= Education in St. Louis =

Education in St. Louis is provided by the St. Louis Public Schools, private schools, charter schools, several colleges and universities, and the St. Louis Public Library.

==Primary and secondary education==
The St. Louis Public Schools (SLPS) is the only school district in St. Louis. It operates more than 75 schools, including several magnet schools. SLPS operates under provisional accreditation from the state of Missouri and is under the governance of a state-appointed school board called the Special Administrative Board, although a local board continues to exist without legal authority over the district. Since 2000, charter schools have operated in the city of St. Louis using authorization from Missouri state law. These schools are sponsored by local institutions or corporations and take in students from kindergarten through high school. In addition, several private schools exist in the city, and the Archdiocese of St. Louis operates dozens of parochial schools in the city, including parochial high schools.

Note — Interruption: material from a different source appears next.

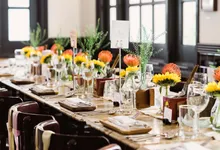 A Halia at Raffles Hotel Wedding Showcase 2015 by The Halia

Several secular private schools also exist in the city, such as Crossroads College Preparatory School.

Missouri School for the Blind, a state-operated K-12 boarding school, is in the city.

==Colleges and universities==
The city of St. Louis is home to many universities and colleges, including Saint Louis University, the University of Missouri-St. Louis, Harris-Stowe State University, Washington University in St. Louis (although part of Washington University is located in adjacent Clayton, Missouri), and Stevens Institute of Business and Arts.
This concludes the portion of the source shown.